I still don't think this species should be kept in vivs unless there is sufficient air flow. This plant is notorious for rotting even when grown in greenhouses.

It took me over a year to get my plant to establish and pup. Now I believe the pups it produces should acclimate better which I've found to be true. They have accustomed to my growing conditions but even so, I'd probably not try one in a viv unless it was way at the top where it could dry out a bit.

Good luck.


----------



## 013 (Aug 9, 2006)

The plant is mounted on epiweb, at the back of the tank. I've placed it high up, but the leaves still turn yellow. I've diminished the misting to 3 x 30 seconds each day. There is a vent in the hood but it's still looks like it is slowly dying. I bought it off a reputable store, and i think the plants look stunning, so i'm pretty disappointed about all this...


----------



## bobberly1 (Jul 16, 2008)

I had my vresea do this when I first introduced it and I was just as concerned. After losing maybe 6 leaves it shot up in growth and has continued to do so. I'm just waiting for a pup.

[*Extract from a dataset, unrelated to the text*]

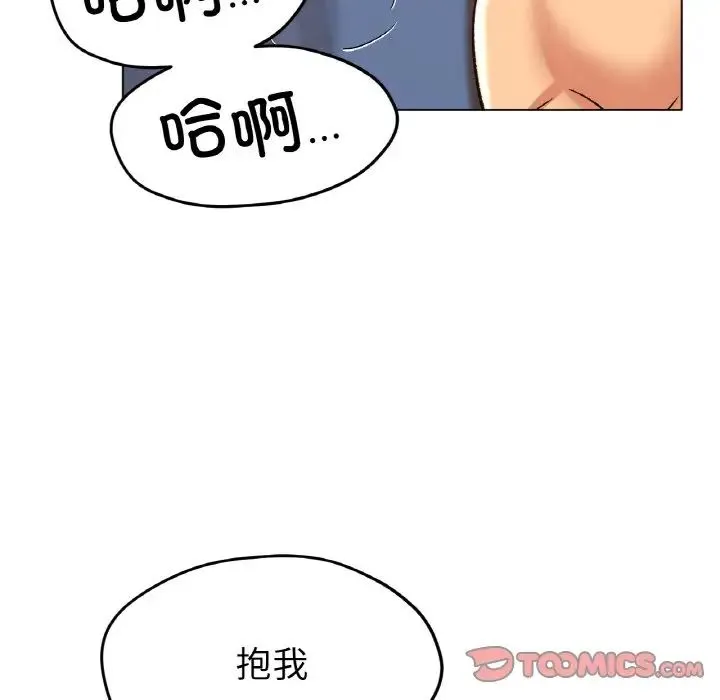 冰上恋人 第21話 第56页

As far as the species goes, I'm not quite sure. It looks a lot like V. vagans but it's a solid light green. Any possible IDs? (sorry if this is hijacking)


----------



## Frogtofall (Feb 16, 2006)

013 said:


> The plant is mounted on epiweb, at the back of the tank. I've placed it high up, but the leaves still turn yellow. I've diminished the misting to 3 x 30 seconds each day. There is a vent in the hood but it's still looks like it is slowly dying. I bought it off a reputable store, and i think the plants look stunning, so i'm pretty disappointed about all this...


3 x 30 secs a day is a lot of misting. How large is this viv? I don't even spray my vented 75 gal that much and its borderline too wet.

Post some pics.

Bobberly, without pictures, I have no idea what to tell you.


----------



## JoshH (Feb 13, 2008)

I've had vagans rot pretty easy too. Antone, isn't there another Vriesea that looks very similar to vagans; with the same dark color at the base?


----------



## littlefrog (Sep 13, 2005)

I have this species growing quite nicely on a chunk of cork, mounted up high in the greenhouse. It dries out almost instantly after watering. In bloom now...

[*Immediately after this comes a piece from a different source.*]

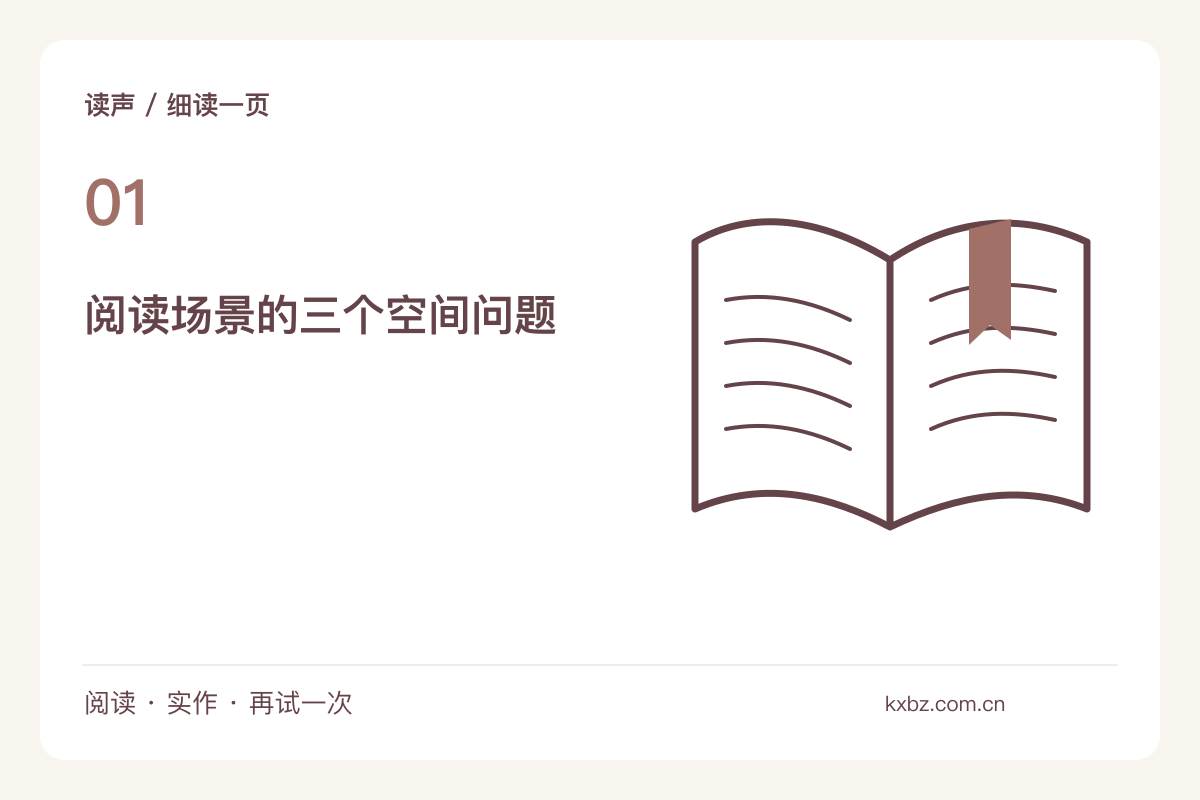 一个场景里的门与窗,先读空间再谈气氛主题图解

I don't think it would do well in a tank. Size is good, but the drying out quickly thing just isn't going to happen.

Rob


----------



## Frogtofall (Feb 16, 2006)

JoshH said:


> I've had vagans rot pretty easy too. Antone, isn't there another Vriesea that looks very similar to vagans; with the same dark color at the base?


There are a few yes...

V. vagans has two forms that I know of. The one everyone sees is the typical form. There is another with a much less dark base. I have this clone as well. The foliage is a bit reticulated even.

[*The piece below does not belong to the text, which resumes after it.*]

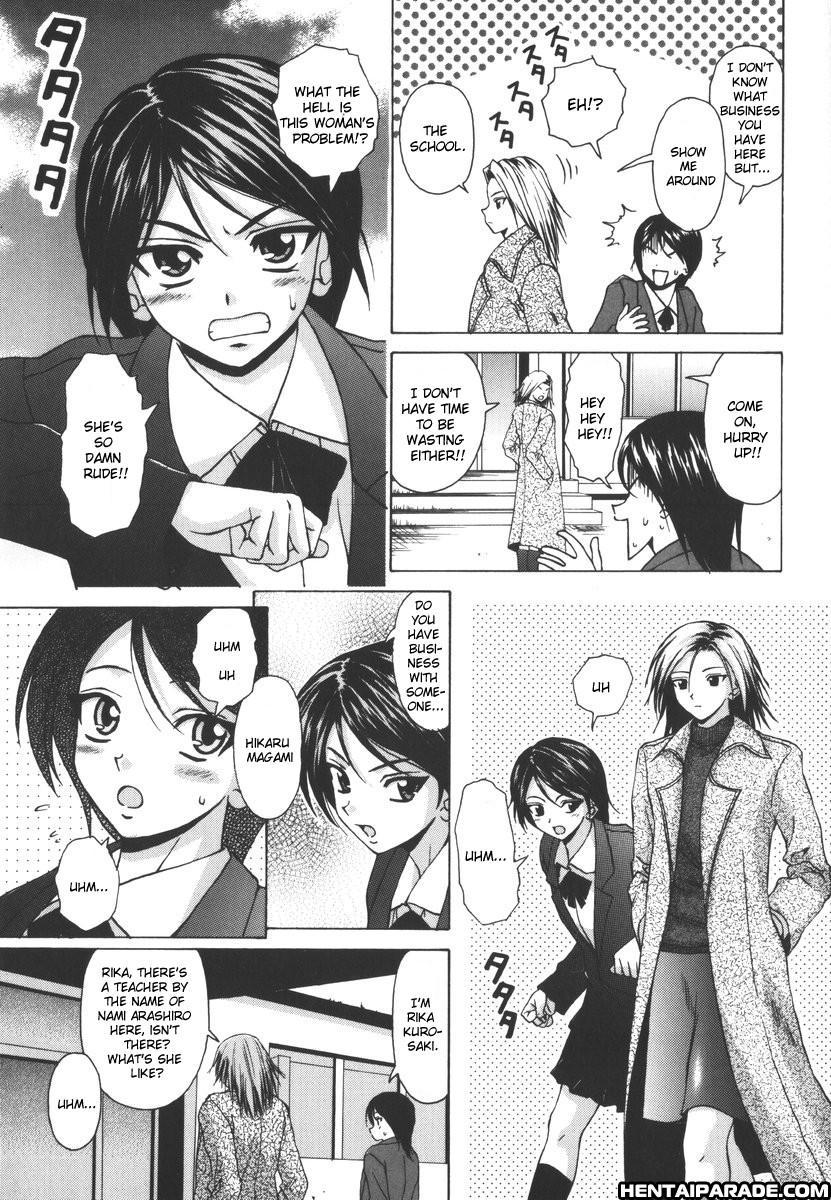 Yumemiru Shoujo Chapter 4000 Page 3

There is also V. erythrodactylon. There are 3 forms in cultivation that I know of... The typical clone, the miniature clone and the variegated clone. I grow the mini and the variegated. The typical clone never did well for me. I know there is someone on this forum who grows it in their greenhouse but his name escapes me at the moment. Its a rather large plant though, too big for vivs.

The mini is great and the smaller thumbs and pums will use it for tads.


----------